Buena Hits With Game on Line

A few dozen fans who are left out in the cold at the big game in Ventura get only a glimpse but root the Bulldogs to victory.

February 04, 2001|MIKE BRESNAHAN | TIMES STAFF WRITER

VENTURA — Then there was the other game. . . .

Long before Buena High fended off Narbonne in a battle of the No. 1 and 3 girls' basketball teams in the nation, the jousting started outside the doors of the Buena gym.

Tickets were $5, but they were priceless to fans who tried to snare one.

If you waited to buy them at the door Saturday night, you were pretty much out of luck . . . and out of the gym.

Jim Shearman, a 74-year-old native of Niles, Mich., stood underneath a "Need 2 Tickets" cardboard sign he created when he realized demand was soundly defeating supply.

Shearman grew up a few miles outside South Bend, Ind., but never had trouble getting into football games while standing outside Notre Dame Stadium in the 1940s.

"Guys who came down from Chicago would say, 'Hey, kid, you want a ticket?' " Shearman said.

Shearman had no such luck Saturday night, watching the game through open doors in front of the gym.

Not two feet from him was Jimmy Thompson, a truck-driver from Oxnard who brought to the game his daughter, Jazzmine, a freshman on the Rio Mesa basketball team.

Like Shearman, he got no farther than the front door, despite his efforts to make a security guard at the back door $20 richer.

"He wouldn't go for it," Thompson said. "I wanted [my daughter] to see all these girls with all the hype.

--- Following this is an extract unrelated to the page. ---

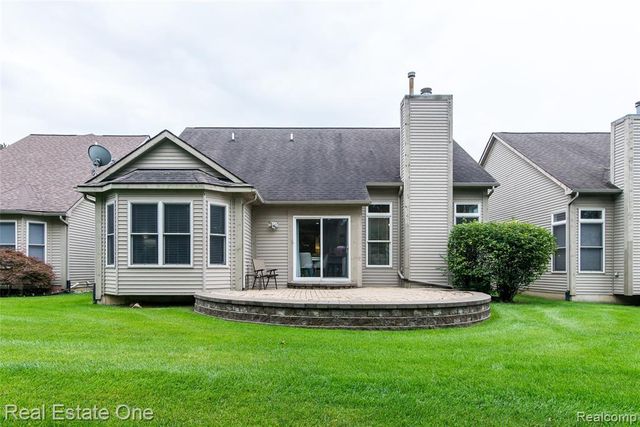 5808 Windstar Circle, Waterford, MI 48327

I wanted her to see the competition. We came early, but we came too late."

The gathering outside missed being part of a game that practically went without a hitch, despite concerns of over-crowding.

The biggest problem was the heat inside the gym, which caused a few spectators to feel light-headed. No treatment was administered. No other obstacles had to be cleared.

"The crowd is basically mellow," said John Turner, a sergeant with the Ventura Police Dept. "This isn't the type of crowd that causes concern."

Even the Ventura Fire Dept. had no complaints despite the gym being at its 1,400-person capacity.

Greg Abille, an inspector with the department, had two major responsibilities--to make sure exits were kept clear and to ensure the existence of "shuffle room," enough space for people to maneuver through the lobby.

He did have one other dilemma: Abille, a resident of Ventura, graduated from Narbonne in 1980.

"I don't know who to root for," he said.

It was obvious who the outdoor onlookers were cheering for. As Buena pulled away for a 71-61 victory, a roar erupted from the group of people, which had reached nearly 30.

They won't have a ticket stub to keep as a souvenir, but they could probably get by with saying they were at the biggest basketball game in region history.

Besides, they didn't have that bad of a deal, said Buena assistant principal Jim McAleney, as he looked outside from the packed inside.

"Those might be some of the better seats in the house in that it's not so stifling," he said.